Real-time transcription on Raspberry Pi 4 #166

ggerganov · 2022-11-21T16:50:15Z

ggerganov
Nov 21, 2022
Maintainer

It is possible to some extend to run Whisper in real-time mode on an embedded device such as the Raspberry Pi.
Below are a few examples + build instructions.

Real-time with 4 seconds step

./stream -m models/ggml-tiny.en.bin --step 4000 --length 8000 -c 0 -t 4 -ac 512

whisper-raspberry-2.mp4

Real-time with 7.5 seconds step

./stream -m models/ggml-tiny.en.bin --step 7680 --length 15360 -c 0 -t 3 -ac 512

whisper-raspberry-3.mp4

Build instructions

git clone https://github.com/ggerganov/whisper.cpp
cd whisper.cpp
make -j stream
./models/download-ggml-model.sh tiny.en

More information

In order to speed-up the processing, the Encoder's context is reduced from the original 1500 down to 512 (using the -ac 512 flag). This allows to run the above examples on a Raspberry Pi 4 Model B (2018) on 3 CPU threads using the tiny.en Whisper model. The attached microphone is from a USB camera, so not great quality.

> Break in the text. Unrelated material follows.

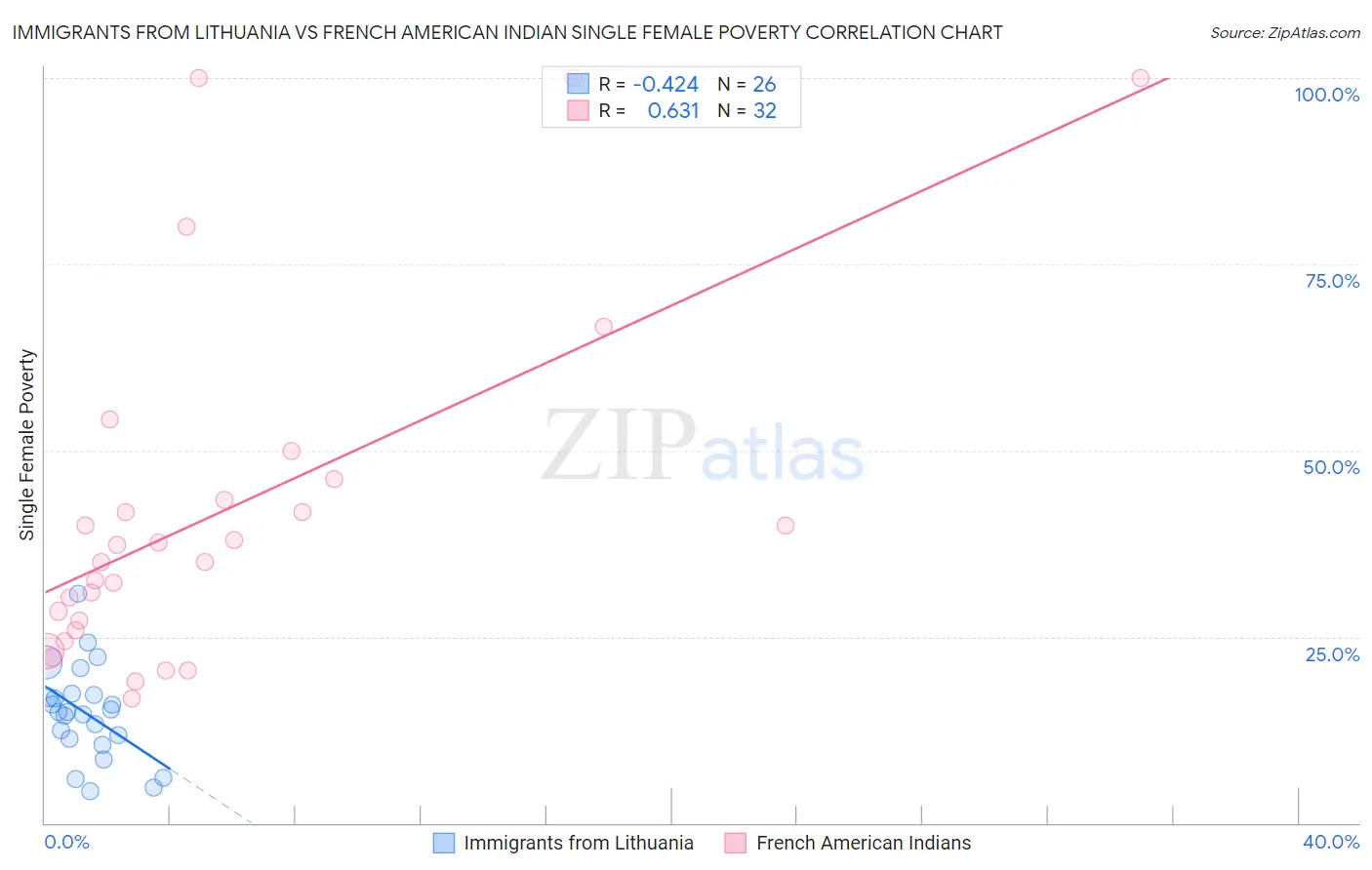 Immigrants from Lithuania vs French American Indian Single Female Poverty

More detailed discussion can be found in this issue: #7

Explanation of what the -ac flags does: #137

eternitybt · 2023-01-22T18:13:25Z

eternitybt
Jan 22, 2023

Fantastic work!! On my RPi 4 with Raspberry Pi OS Lite (bullseye) installed, I had to run

sudo apt install libsdl2-dev

or the compiler would complain about a missing "SDL.h" header file. Now it works like a charm.

1 reply

dragen1860 May 18, 2023

I tried many approaches but still can not install libsdl2-dev on ubuntu2204. finally, i try to build the lib sdl2 from source code and it succeeded!

SethRobinson · 2023-04-21T05:07:46Z

SethRobinson
Apr 21, 2023

Thanks, worked pretty well on the pi for me! ( twitter clip ) Yeah, I had to install libsdl2-dev as @eternitybt mentioned as well. (for the mic, I used a ReSpeaker Mic Array v2)

1 reply

salmanfarisvp Nov 6, 2023

Hi @SethRobinson To use the ReSpeaker Mic Array, What are the changes we need to make? Thanks.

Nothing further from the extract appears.